I bought my car about 3 years ago from a guy who'd said he built it to be a track car. At the time, that seemed plausible. I didn't know much about tracking a Miata then (do I now?). It had 15x8 6ULs with 8 (!!!) year old RS3s on them, Koni Yellows, an RB front bar, a Koyo Radiator, Willwood Dynalites, and a Hard Dog Sport roll bar. And a Fast Forward Supercharger kit. I'd never driven a fast Miata, and this one seemed like it was, so I bought it. My plan at the time was to make it a grand touring style build.

2 years later, I finally actually get to go to the track. Now on some FM VMaxx Coilovers, 15x9s, and 245 RS4s. October in Alabama was about 90 degrees, and I got the car hot in approx 3 laps. Yay. No space for a reroute either.

In continuing to learn more about tracking a Miata, I get the feeling the supercharger isn't going to stay. My wife and I did get to take the car to the Dragon this Spring, and hearing the s/c whine off the hills was...magical. About 30 miles of driving after we got home from that trip, the car coughed and died on the interstate. Turns out the main damper pulley bolt had backed out - apparently I did something wrong during the timing belt job 6k miles previous. The Woodruff Key broke, and saved any damage to the crankshaft, so that's nice. I work a full time job and about 30-40 additional hours/week running my own business, so it took me an inordinate amount of time to put the car back together. Finally fixed it 2 weeks ago, and feel underwhelmed by the supercharger now.

I'm going to remove the supercharger in the next month. Plan is to install the 6 speed I've got sitting in the garage that was rebuilt 40k miles ago, along with the 7lb flywheel I got from a parts car, and a puck sprung clutch from SuperMiata (to keep up with any future power adders).
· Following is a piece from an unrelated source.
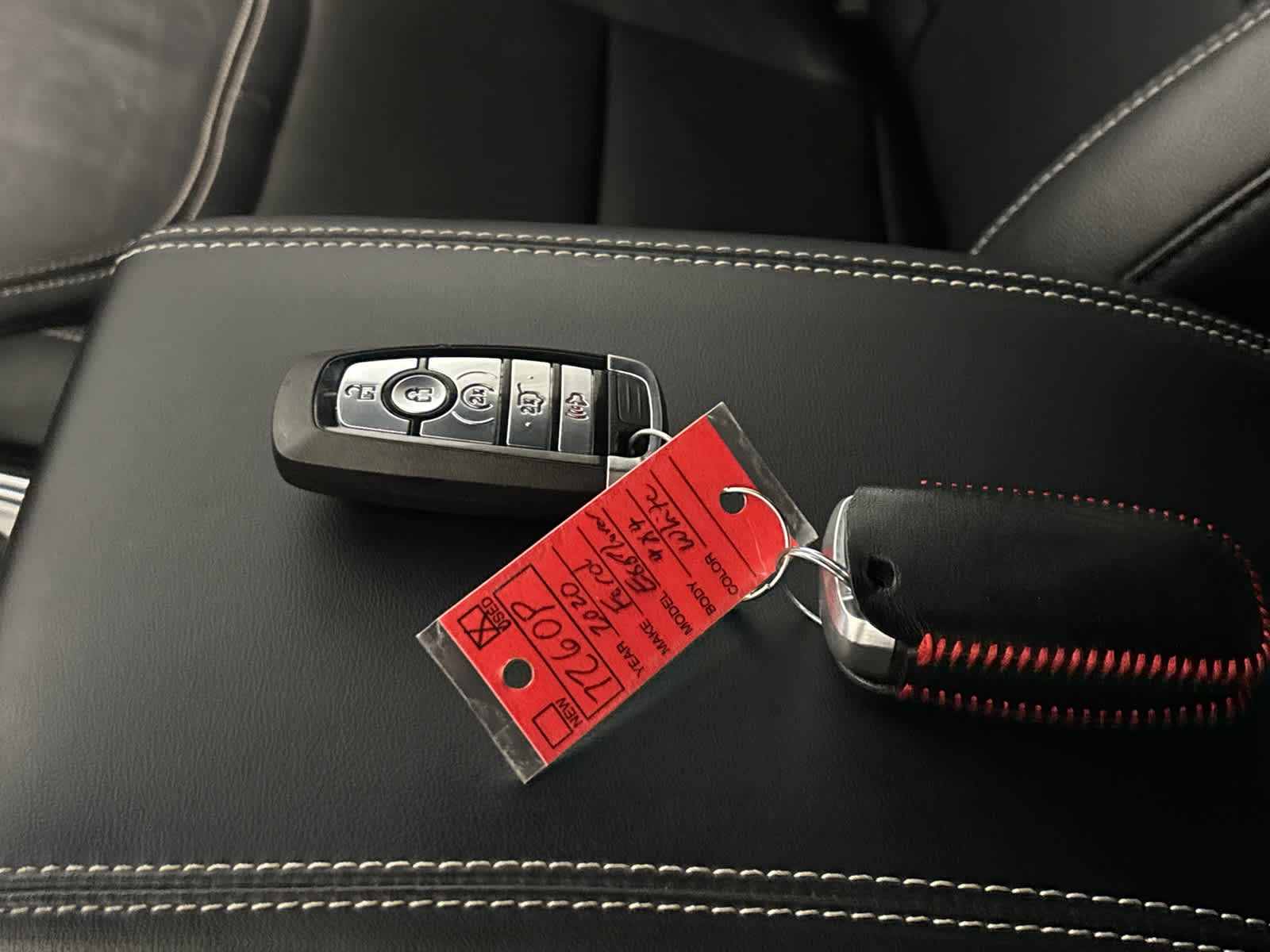 2020 Ford Explorer ST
I got a hard top this month as well, and some Xidas and 15X10 6ULs earlier this year. The 02SE Saddle interior I swapped into the car is being sold this week, and cloth stuff will be replacing it. I have a Track Dog seat for the driver side, but need to sort out harness mounting first.

In short: I bought a super fun street car, and it was fun for 40K miles. Now I have an NC to daily and want something to get some seat time in without worrying. Love the idea of a K swap for some more jam while retaining the glory of N/A power, but a turbo isn't totally out of mind.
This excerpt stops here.